*** Opening of Data excerpt ***
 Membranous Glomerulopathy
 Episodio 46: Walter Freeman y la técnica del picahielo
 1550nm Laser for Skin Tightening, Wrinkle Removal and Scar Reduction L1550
*** Close of Data excerpt ***
[Requirement]:
The full data, transcribed without change, is the expected answer.

[Answer space]:
 Membranous Glomerulopathy
 Episodio 46: Walter Freeman y la técnica del picahielo
 1550nm Laser for Skin Tightening, Wrinkle Removal and Scar Reduction L1550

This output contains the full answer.